***** THE RECORDS

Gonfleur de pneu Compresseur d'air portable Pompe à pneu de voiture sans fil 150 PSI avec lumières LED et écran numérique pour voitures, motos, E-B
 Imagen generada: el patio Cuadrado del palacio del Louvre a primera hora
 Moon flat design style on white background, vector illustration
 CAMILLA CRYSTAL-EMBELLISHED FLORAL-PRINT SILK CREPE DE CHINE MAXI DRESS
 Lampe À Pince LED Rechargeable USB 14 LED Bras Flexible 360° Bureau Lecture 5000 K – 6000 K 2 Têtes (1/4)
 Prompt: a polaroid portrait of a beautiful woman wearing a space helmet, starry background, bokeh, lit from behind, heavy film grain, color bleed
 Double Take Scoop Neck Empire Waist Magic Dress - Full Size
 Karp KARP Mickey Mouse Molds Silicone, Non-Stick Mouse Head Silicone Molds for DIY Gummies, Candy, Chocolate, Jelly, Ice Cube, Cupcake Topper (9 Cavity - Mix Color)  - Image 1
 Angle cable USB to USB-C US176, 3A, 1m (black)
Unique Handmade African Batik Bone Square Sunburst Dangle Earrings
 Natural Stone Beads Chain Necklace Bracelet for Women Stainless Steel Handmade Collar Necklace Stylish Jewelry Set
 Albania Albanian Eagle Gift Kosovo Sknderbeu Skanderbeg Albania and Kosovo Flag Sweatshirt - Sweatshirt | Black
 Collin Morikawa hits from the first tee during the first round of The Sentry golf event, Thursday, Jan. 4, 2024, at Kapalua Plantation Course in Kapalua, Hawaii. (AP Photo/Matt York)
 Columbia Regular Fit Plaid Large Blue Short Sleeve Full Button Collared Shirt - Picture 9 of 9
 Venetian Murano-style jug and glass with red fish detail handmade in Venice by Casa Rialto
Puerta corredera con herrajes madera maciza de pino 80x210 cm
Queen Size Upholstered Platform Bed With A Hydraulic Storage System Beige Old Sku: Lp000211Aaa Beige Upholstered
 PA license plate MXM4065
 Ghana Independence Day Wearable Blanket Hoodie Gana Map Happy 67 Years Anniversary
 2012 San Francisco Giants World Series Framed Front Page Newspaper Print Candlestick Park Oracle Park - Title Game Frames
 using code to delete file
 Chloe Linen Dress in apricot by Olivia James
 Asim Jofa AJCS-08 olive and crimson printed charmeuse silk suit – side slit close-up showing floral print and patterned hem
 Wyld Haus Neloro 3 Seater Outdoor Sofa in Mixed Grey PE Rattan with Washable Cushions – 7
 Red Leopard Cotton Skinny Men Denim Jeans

**********

= WHAT TO WORK ON =
Show every line above where "background" is found.

= TASK SOLUTION =
 Moon flat design style on white background, vector illustration
 Prompt: a polaroid portrait of a beautiful woman wearing a space helmet, starry background, bokeh, lit from behind, heavy film grain, color bleed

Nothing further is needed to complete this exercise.